Do you ever notice how in the blink of an eye your kids are grown? Eli turns 4 years old today and I feel ever so blessed to call him mine, but I wish so badly I could relive each magical memory with him. He is such a special little boy that each and every day I thank God for choosing me to be his momma.
He was born on Thanksgiving Day in 2012. I was kind of upset at him because I didn't get Turkey that year. 😏 He was perfect though, I couldn't have asked for a better baby. He slept good, nursed right away and Abram had no problem having him around.
Eli came just in time for the holidays and gave us a hope we didn't know existed. He brought our family closer together. God really knew what he was doing when he sent him to us.

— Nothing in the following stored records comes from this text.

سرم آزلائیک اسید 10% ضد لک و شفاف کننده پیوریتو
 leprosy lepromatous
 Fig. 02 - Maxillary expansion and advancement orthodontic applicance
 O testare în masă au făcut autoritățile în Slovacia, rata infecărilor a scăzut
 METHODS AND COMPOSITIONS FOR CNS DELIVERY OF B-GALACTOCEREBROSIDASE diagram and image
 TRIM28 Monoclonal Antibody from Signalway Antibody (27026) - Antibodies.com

His smile made my whole day. He was such a happy baby.
Brotherly love was at it's finest with these two. Abram protected him so much and Eli wanted to do everything with Abram. Still like that till this day.
I can't even put into words how much I love this kid. I know all moms love their children, but each one holds such a special place in my heart for completely different reasons. Eli was sent to me at a very hard time in my life. I felt very lost and had no idea who I really was or what I wanted. I know it sounds like a big job for a baby to change you, but he did. He woke me up. I suddenly knew who I wanted to be.
As each year passes and he grows a little more I see so much of myself in him. His desire for adventure, his desire to learn, his funny jokes about everything, his love for donuts, the way he gets cranky when he's hungry or really tired- that's so me! But then I learn so much from him as well. His compassion for others, his desire to include everybody and anybody in his plans, his unconditional love for his family- especially his brothers. We had a family dinner for him on Saturday and he received some gifts and money. Upon counting his money he handed some to Abram and said, "Here that's for you." That touched me so much because even though it's his birthday he is not selfish at all. I love that about him.
Today I am so thankful for my son and his four years of life. I thank God for his health and his laughter. He is so funny and always willing to make you smile. I pray God gives him many years to come and all the wisdom a child needs to navigate life. I have high hopes for this little soul, but my biggest is for him to love God with all of his mind and all of his heart. If he does that then I know I have raised him right.